(Pictures with short captions)
^^^^
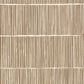 Shop 391513 Terra Aspen Neutral Natural Stripe Neutral by Eijffinger Wallpaper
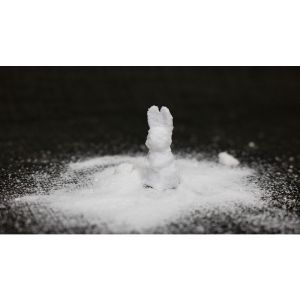 SUGAR BUNNY by Steve Fearson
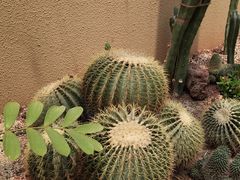 -正佳雨林生态植物园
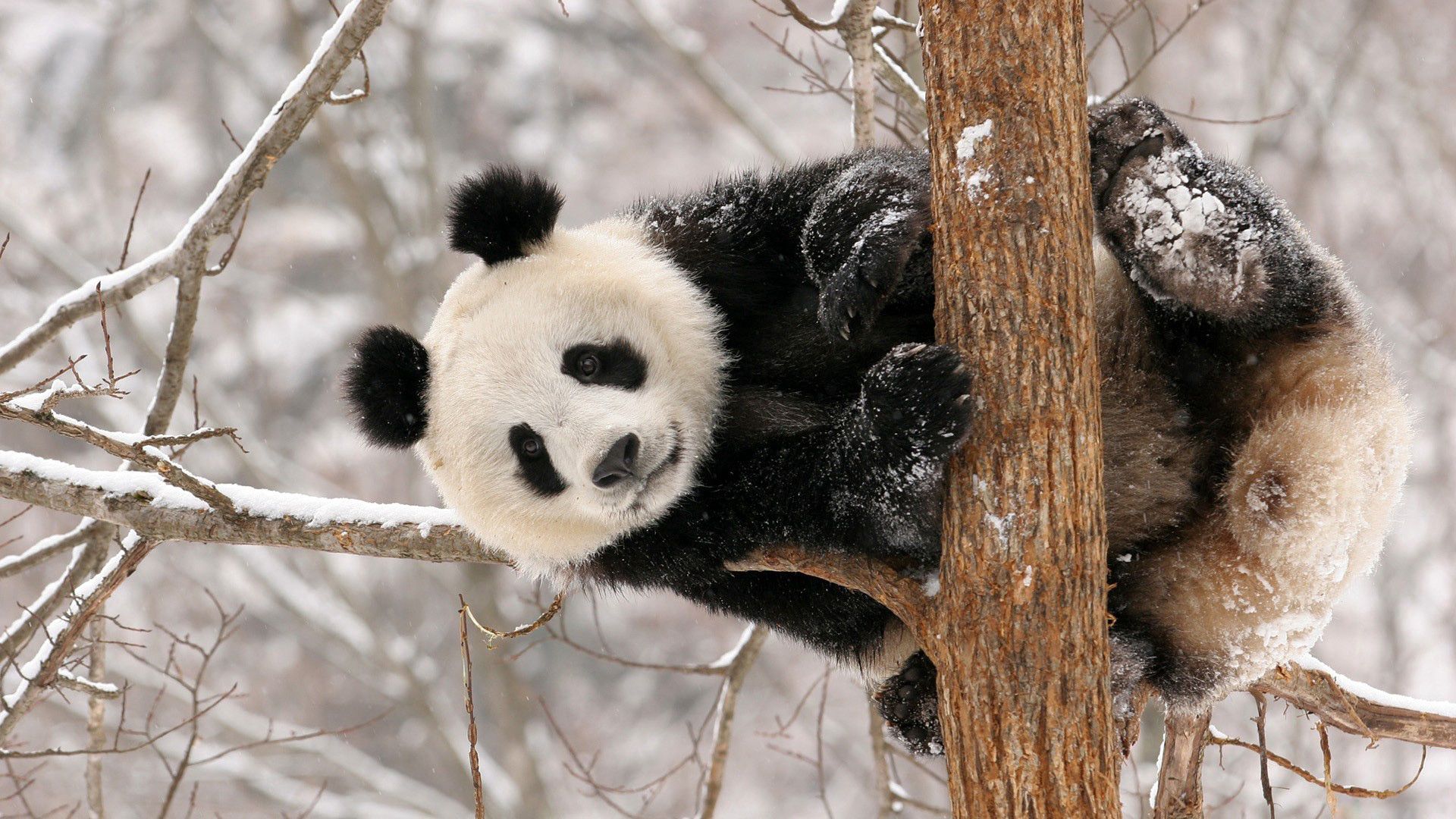 panda, branch, sit, snow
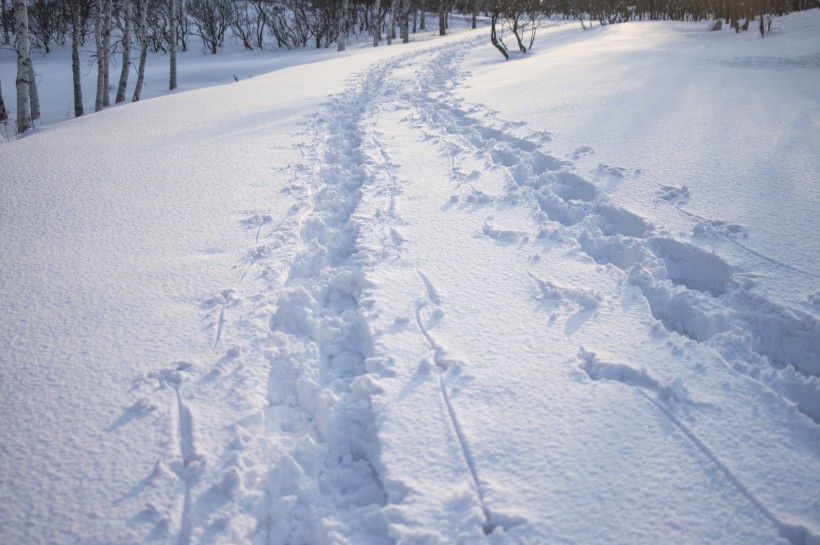 美丽的雪景图片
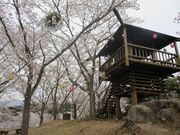 �c�؂���������̎ʐ^1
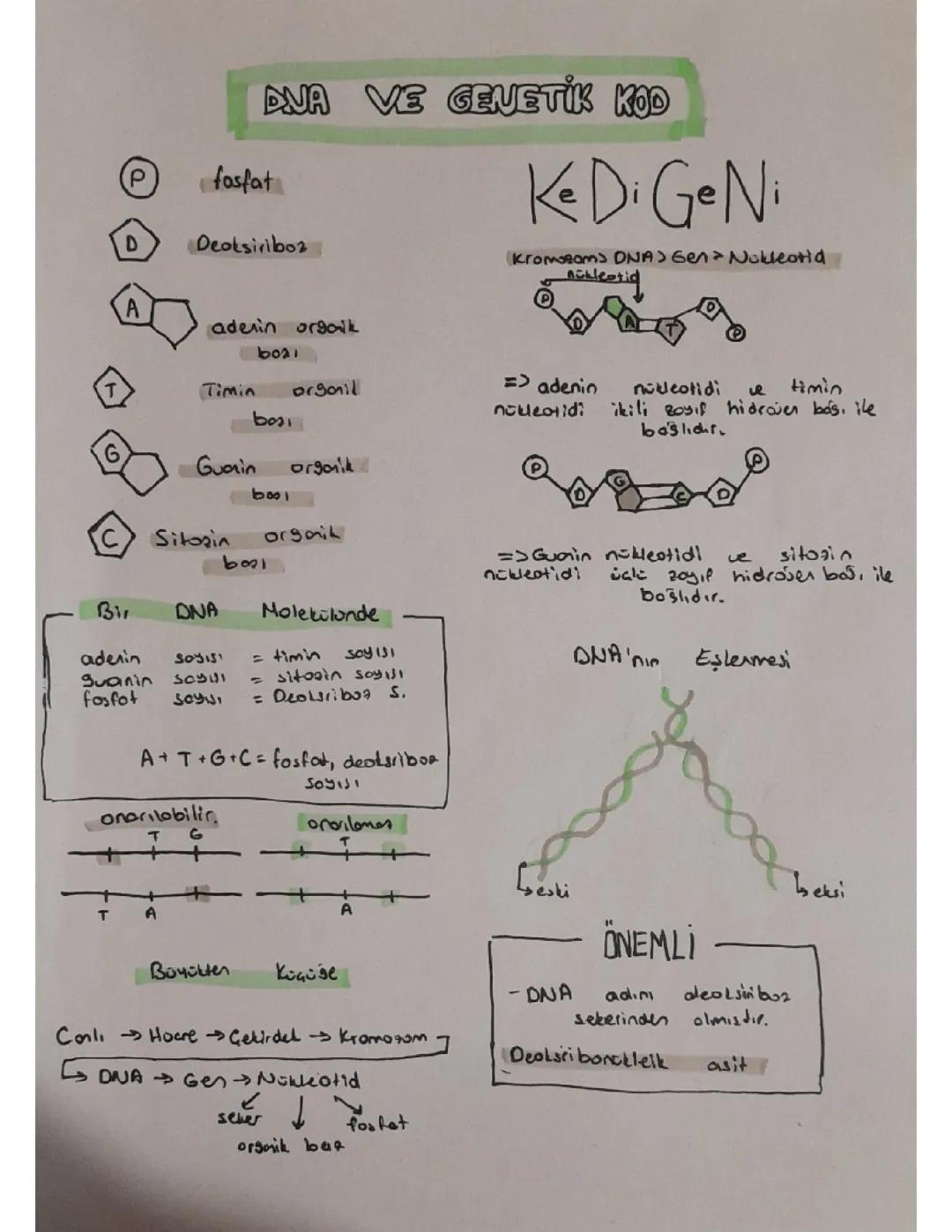 8. Sınıf Fen Bilimleri Ders Notları - Konu Anlatımı ve Özetler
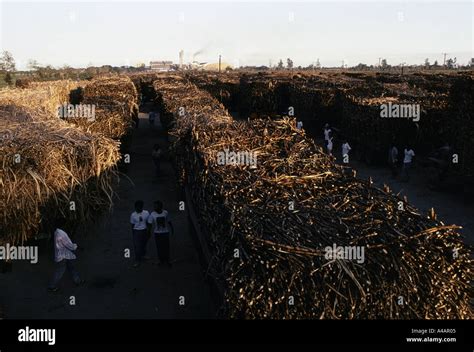 Sugar cane loaded onto railway trucks for the sugar mill at Hacienda ...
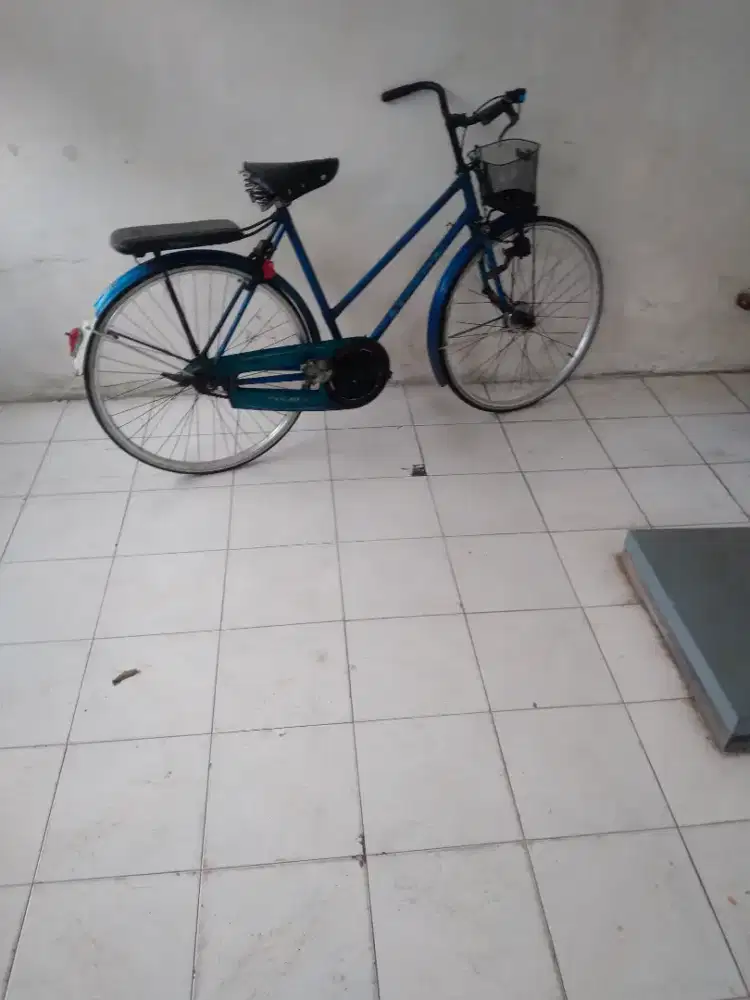 Sepeda the phonik by china  uk 20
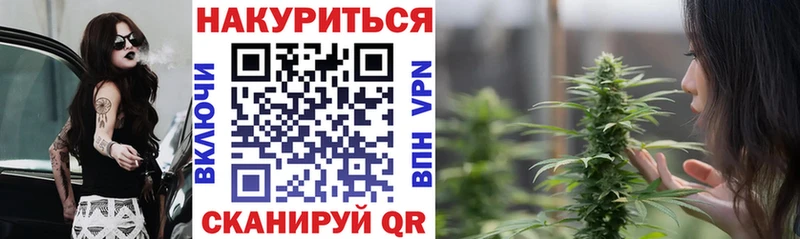 Бошки Шишки гибрид Купить где Гусиноозёрск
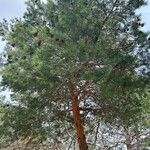 Pinus sylvestris Beste bat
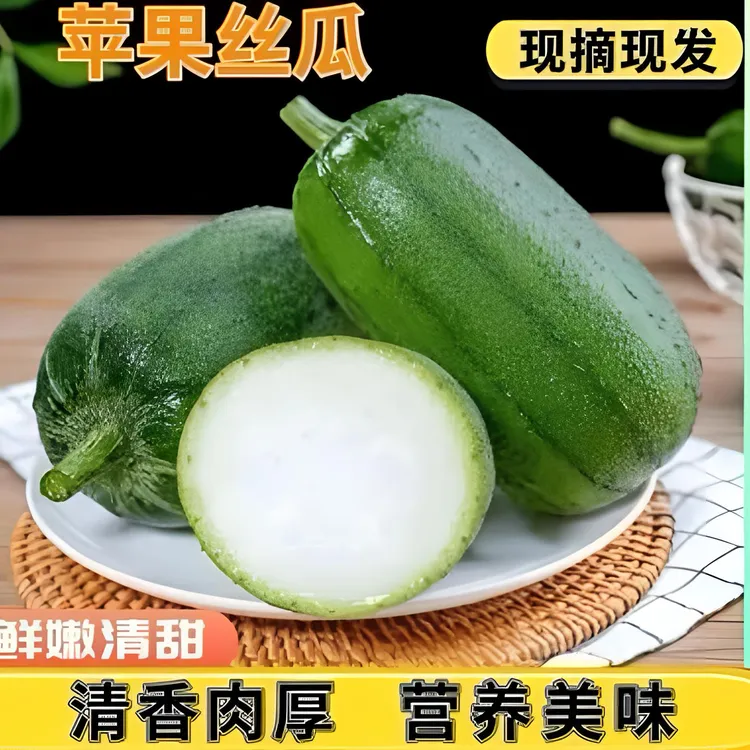 胖肉苹果丝瓜新鲜孕妇丝瓜当季蔬菜现摘直发水果丝瓜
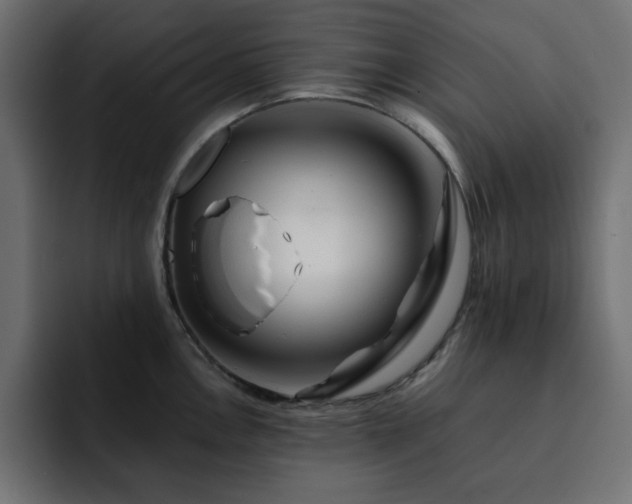 X0000093121146200710031329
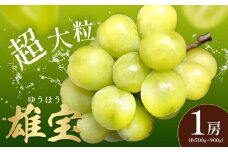 ぶどう 雄宝 1房 約700～900g 葡萄 ブドウ ぶどう 大粒 種なし 皮ごと フルーツ 果物 産地直送 新鮮 ジューシー お取り寄せ ギフト 国産 季節限定 茨城県 結城市《8月下旬-9月下旬頃出荷》 會澤ぶどう・キウイフルーツ園 【配送不可地域あり】(離島)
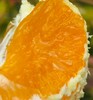 明日见柑橘| 果皮薄，果肉软嫩💦汁水足，好吃不上火抓住柑橘🍊的小尾巴，再不吃就结束了，这款绝对吃了上瘾~ 商品缩略图3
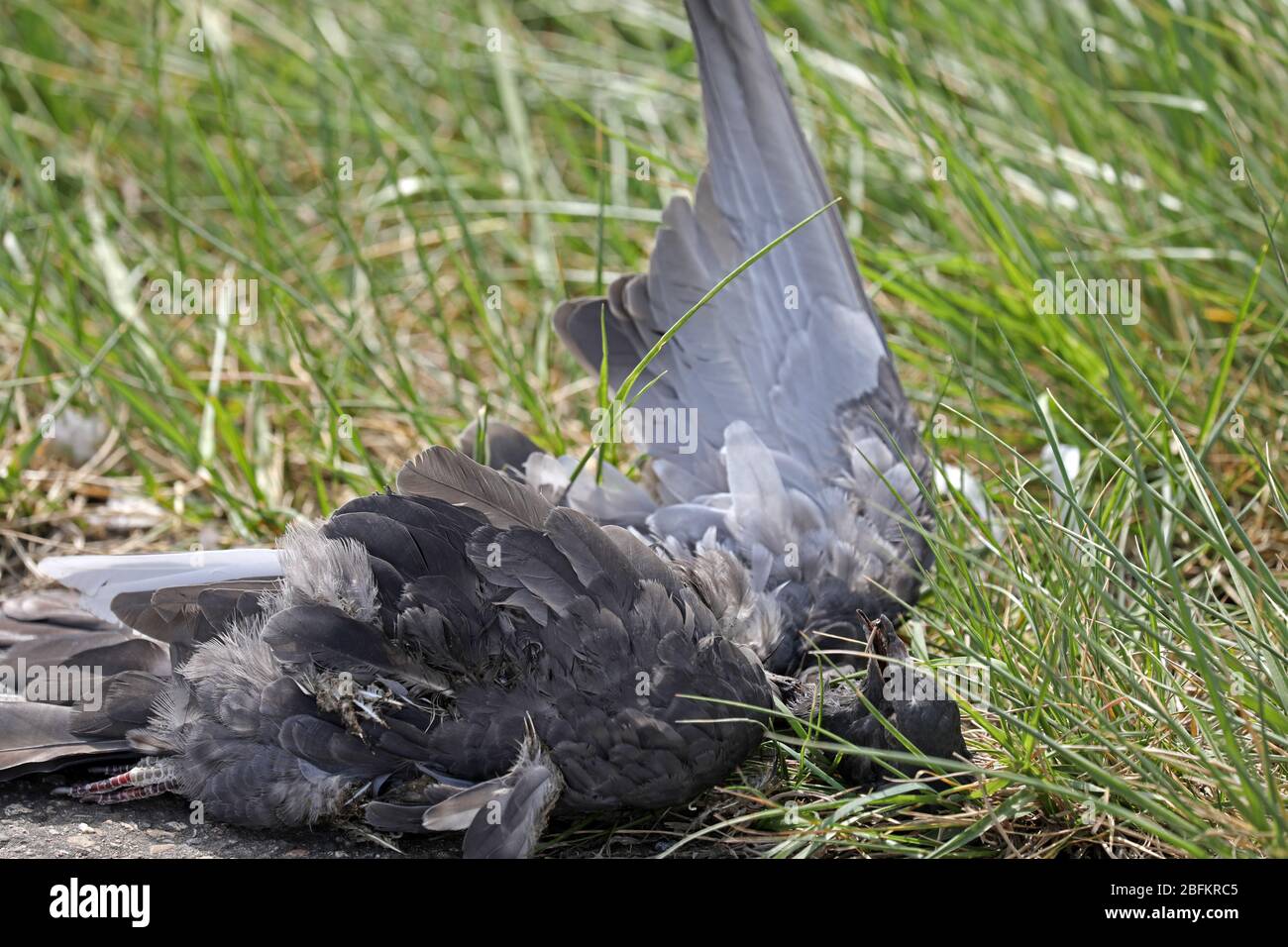 Dead pigeon on the roadside Stock Photo Alamy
^^^^
# To do:
Pictures excluded, set down all the entries exactly.

# Reply:
 Shop 391513 Terra Aspen Neutral Natural Stripe Neutral by Eijffinger Wallpaper
 SUGAR BUNNY by Steve Fearson
 -正佳雨林生态植物园
 panda, branch, sit, snow
 美丽的雪景图片
 �c�؂���������̎ʐ^1
 8. Sınıf Fen Bilimleri Ders Notları - Konu Anlatımı ve Özetler
 Sugar cane loaded onto railway trucks for the sugar mill at Hacienda ...
 Sepeda the phonik by china  uk 20
 Бошки Шишки гибрид Купить где Гусиноозёрск
 Pinus sylvestris Beste bat
 胖肉苹果丝瓜新鲜孕妇丝瓜当季蔬菜现摘直发水果丝瓜
 X0000093121146200710031329
 ぶどう 雄宝 1房 約700～900g 葡萄 ブドウ ぶどう 大粒 種なし 皮ごと フルーツ 果物 産地直送 新鮮 ジューシー お取り寄せ ギフト 国産 季節限定 茨城県 結城市《8月下旬-9月下旬頃出荷》 會澤ぶどう・キウイフルーツ園 【配送不可地域あり】(離島)
 明日见柑橘| 果皮薄，果肉软嫩💦汁水足，好吃不上火抓住柑橘🍊的小尾巴，再不吃就结束了，这款绝对吃了上瘾~ 商品缩略图3
 Dead pigeon on the roadside Stock Photo Alamy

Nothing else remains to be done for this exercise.